■ Work to be completed
Each line from the one holding "Maison - 240 m² - 6 pièces" to the last line of the listing must be set down exactly. No pictures are to be included.

■ Provided data

-*-

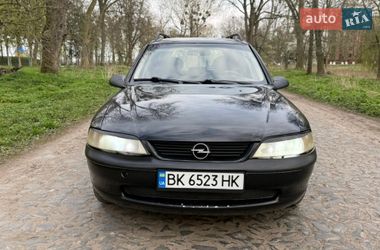 Універсал Opel Vectra 1999 в Млиніві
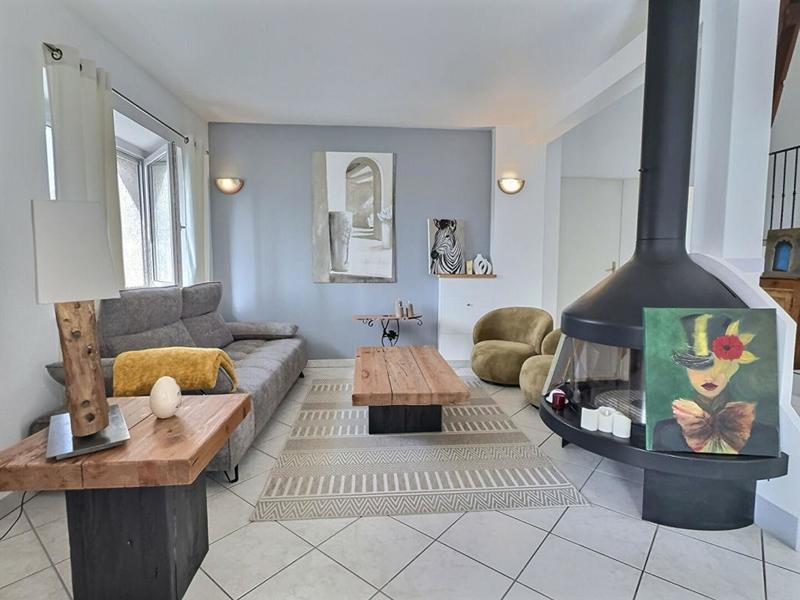 Maison - 240 m² - 6 pièces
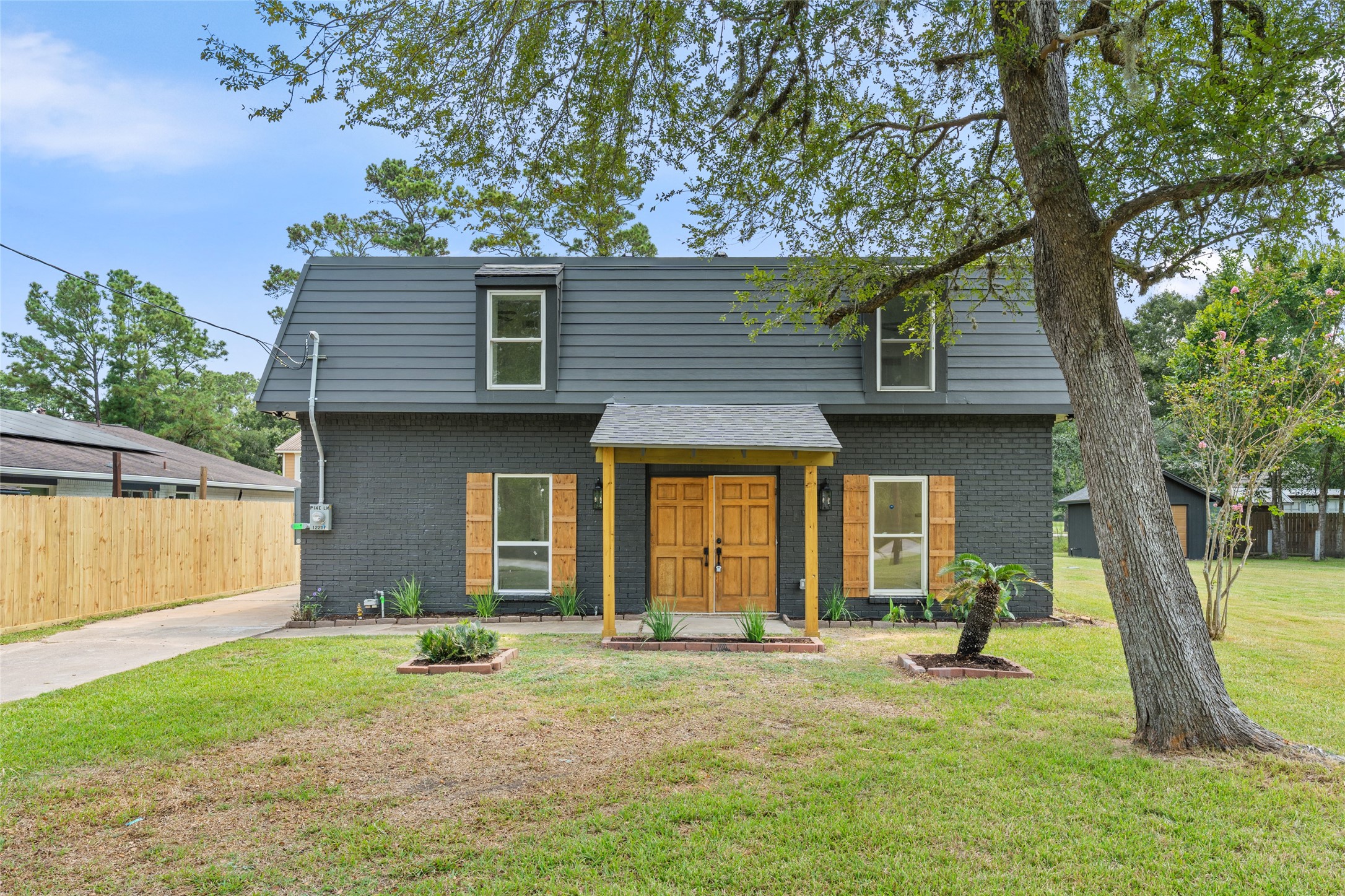 12217 Pine Lane, Dickinson, TX 77539 12217 Pine Lane, Dickinson, TX 77539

-*-

■ Your response
 Maison - 240 m² - 6 pièces
 12217 Pine Lane, Dickinson, TX 77539 12217 Pine Lane, Dickinson, TX 77539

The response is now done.